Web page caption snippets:
○ ○ ○

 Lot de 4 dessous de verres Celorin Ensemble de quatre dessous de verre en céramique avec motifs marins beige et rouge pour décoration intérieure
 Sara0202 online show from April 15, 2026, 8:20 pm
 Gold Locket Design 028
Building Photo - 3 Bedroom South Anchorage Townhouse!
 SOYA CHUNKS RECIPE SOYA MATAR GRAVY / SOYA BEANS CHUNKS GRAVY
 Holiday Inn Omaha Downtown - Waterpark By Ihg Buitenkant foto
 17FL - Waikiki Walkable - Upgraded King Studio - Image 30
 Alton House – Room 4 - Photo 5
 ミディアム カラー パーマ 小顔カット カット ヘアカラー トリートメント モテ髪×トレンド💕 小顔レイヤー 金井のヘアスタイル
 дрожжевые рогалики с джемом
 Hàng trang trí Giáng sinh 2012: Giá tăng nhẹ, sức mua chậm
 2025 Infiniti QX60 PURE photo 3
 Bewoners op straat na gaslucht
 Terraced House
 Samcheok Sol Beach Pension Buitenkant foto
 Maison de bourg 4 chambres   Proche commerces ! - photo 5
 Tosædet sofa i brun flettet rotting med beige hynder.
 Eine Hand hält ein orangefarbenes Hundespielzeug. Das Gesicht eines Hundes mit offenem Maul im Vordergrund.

○ ○ ○

Retype every record above exactly as it stands.

# THE ANSWER
 Lot de 4 dessous de verres Celorin Ensemble de quatre dessous de verre en céramique avec motifs marins beige et rouge pour décoration intérieure
 Sara0202 online show from April 15, 2026, 8:20 pm
 Gold Locket Design 028
Building Photo - 3 Bedroom South Anchorage Townhouse!
 SOYA CHUNKS RECIPE SOYA MATAR GRAVY / SOYA BEANS CHUNKS GRAVY
 Holiday Inn Omaha Downtown - Waterpark By Ihg Buitenkant foto
 17FL - Waikiki Walkable - Upgraded King Studio - Image 30
 Alton House – Room 4 - Photo 5
 ミディアム カラー パーマ 小顔カット カット ヘアカラー トリートメント モテ髪×トレンド💕 小顔レイヤー 金井のヘアスタイル
 дрожжевые рогалики с джемом
 Hàng trang trí Giáng sinh 2012: Giá tăng nhẹ, sức mua chậm
 2025 Infiniti QX60 PURE photo 3
 Bewoners op straat na gaslucht
 Terraced House
 Samcheok Sol Beach Pension Buitenkant foto
 Maison de bourg 4 chambres   Proche commerces ! - photo 5
 Tosædet sofa i brun flettet rotting med beige hynder.
 Eine Hand hält ein orangefarbenes Hundespielzeug. Das Gesicht eines Hundes mit offenem Maul im Vordergrund.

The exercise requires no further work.